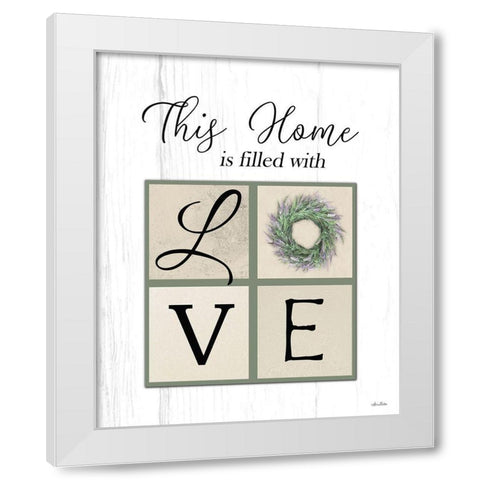 This Home is Filled with Love White Modern Wood Framed Art Print by Deiter, Lori
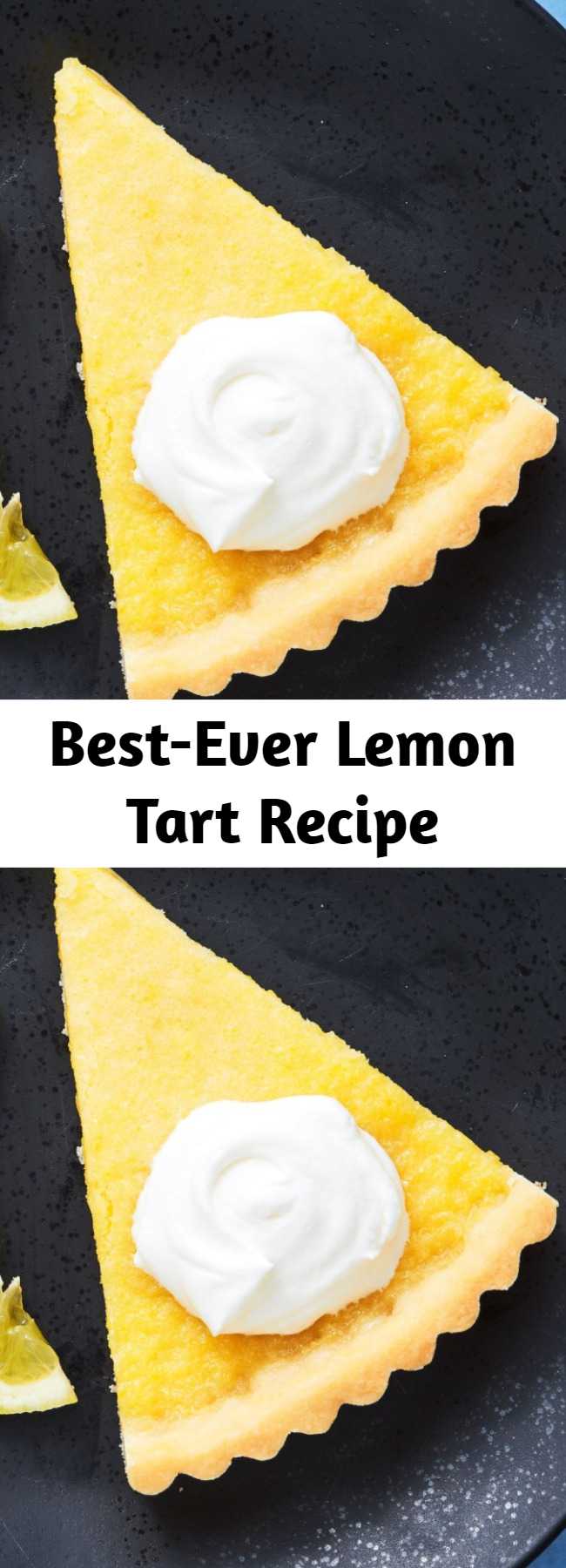 Best-Ever Lemon Tart Recipe - This impressive tart is surprisingly easy to make. We love serving it with a big dollop of homemade whipped cream.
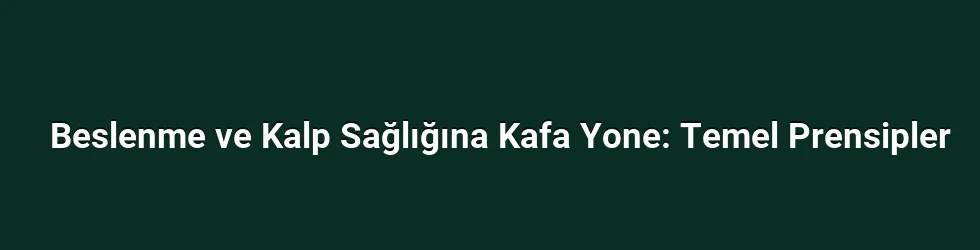 Beslenme ve Kalp Sağlığına Kafa Yone: Temel Prensipler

::::::::::

**What you are asked to do**
Your response should reproduce the entire listing verbatim, minus the pictures.

**Result below**
 This Home is Filled with Love White Modern Wood Framed Art Print by Deiter, Lori
 Best-Ever Lemon Tart Recipe - This impressive tart is surprisingly easy to make. We love serving it with a big dollop of homemade whipped cream.
 Beslenme ve Kalp Sağlığına Kafa Yone: Temel Prensipler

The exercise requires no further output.